Recently I was talking to an interesting guy and he told me something really powerful. He said, “…life is about memories. If you stay in one place for 10 years, doing pretty much the same thing, that accounts for only ONE memory.” The brain doesn’t diversify individual occurrences within a larger, essentially similar memory. So, a lot of people die with only one or two real memories, because their adult life in its entirety is essentially a repetition of the same thing continuously. It’s like, the wheel is turning but the hamster is dead. I remember a discussion I had with my mum over the Christmas holiday as we strolled around Monkey Territory in The Gambia. She mused on how strange it was that Nigerians did not travel within Africa more, especially as Nigerians in particular always seem to be holidaying somewhere in Europe, USA or the Middle East (read: Dubai). We concluded that the issue is that African countries largely lack the shopping experience we crave. We are a material nation of mammonists and moneyed citizens. Building memories, totally unrelated to money or acquisition is totally foreign to us. Money over memories.

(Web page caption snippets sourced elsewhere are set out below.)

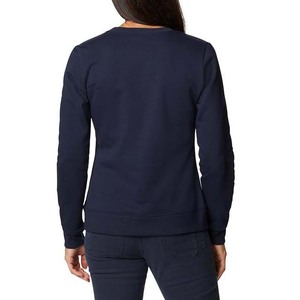 Sudaderas con capucha transpirables de talla grande para mujer, sudaderas de algodón de alta calidad con logotipo personalizado, sudaderas de cuello redondo de Color - Product Image 2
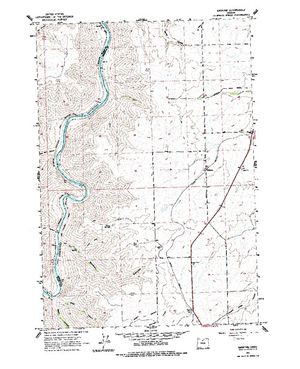 Topographic map for Deschutes River, Oregon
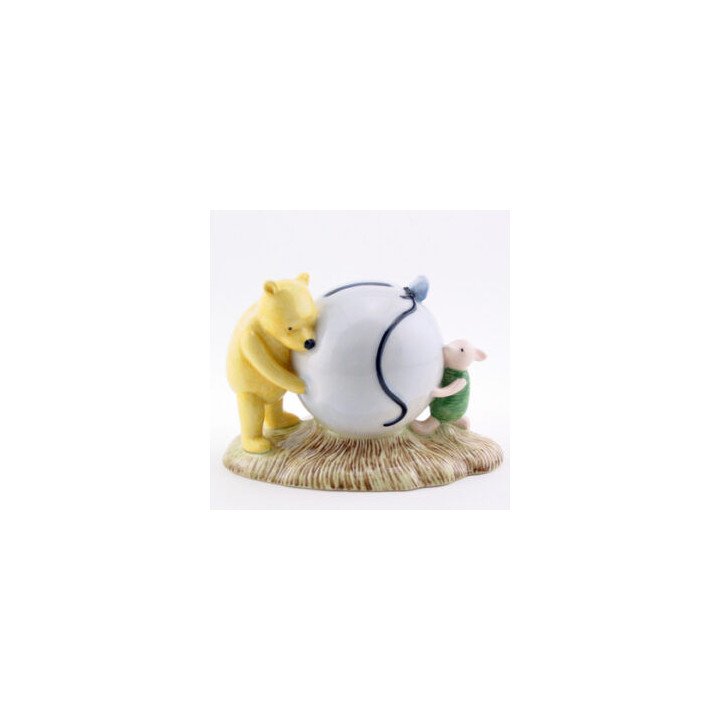 Pooh Blue Balloon Money Bank | Royal Doulton Disney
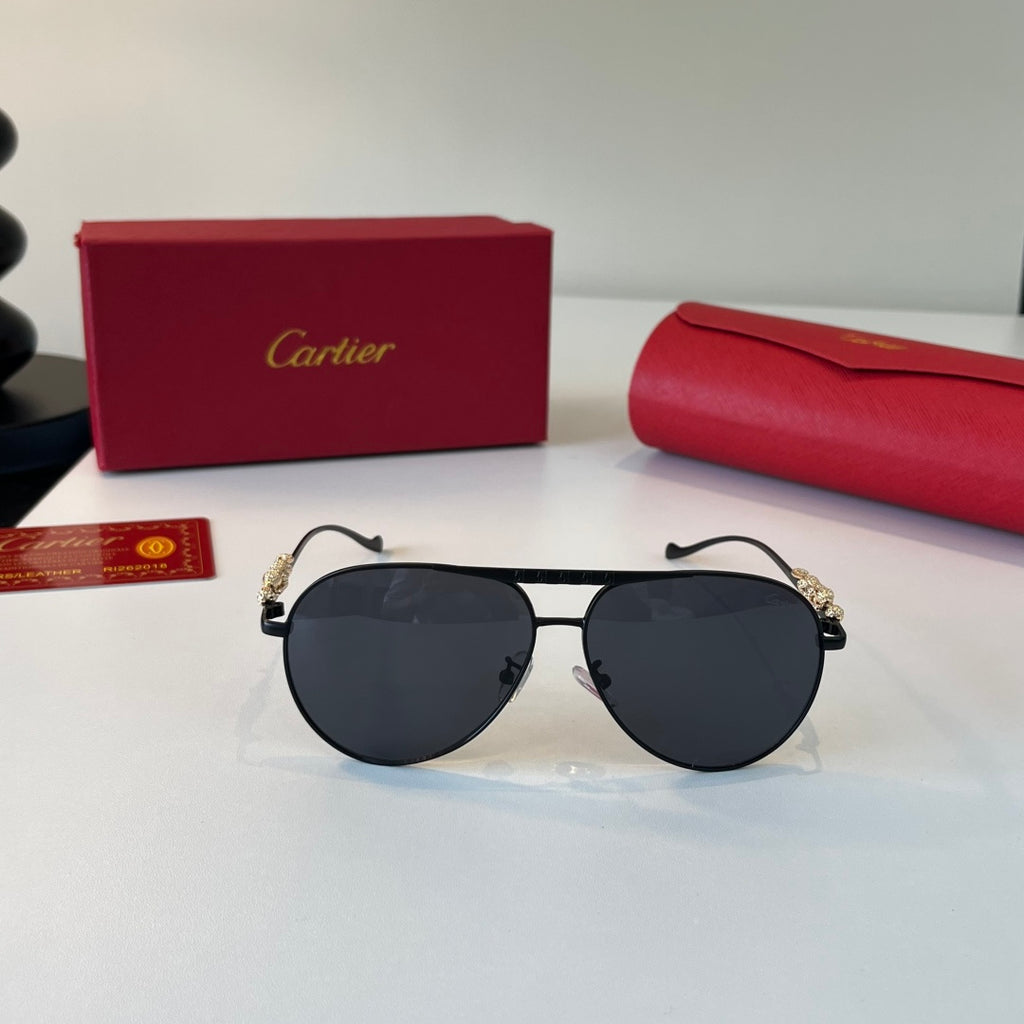 Cartier Lightweight Metal Rimless Silver Lens Sunglasses for Men & Wo - 465731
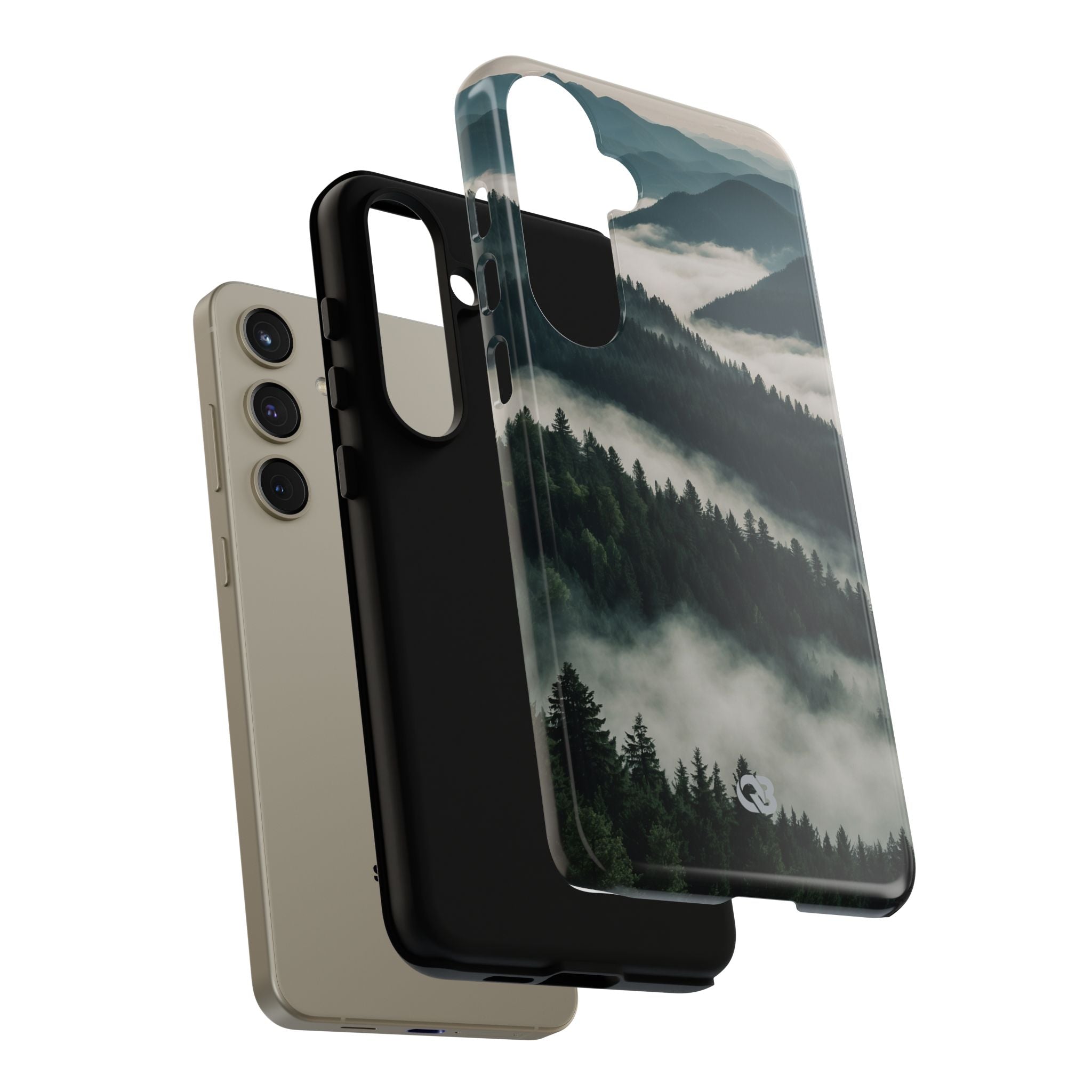 Misty Pine Peaks · Tough Phone Case for Samsung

Stepping out of your comfort zone is automatically yet unconsciously creating a new and distinct memory. It is shocking; too abrupt for your brain not to register …this is why I can remember in detail, so many days of my year abroad in Berkeley. Life is worth it, it’s worth our taking bold moves and not living trapped by our own fears, failures and insecurities. I am preaching this to myself; I am so often trapped by my fear of failure that I tip-toe through life and sometimes prefer to be safe than sorry. This is why I applaud people like Christiana, people that walk in the light of their own truth. The truth is, there is so much more of the world to see, what are we waiting for?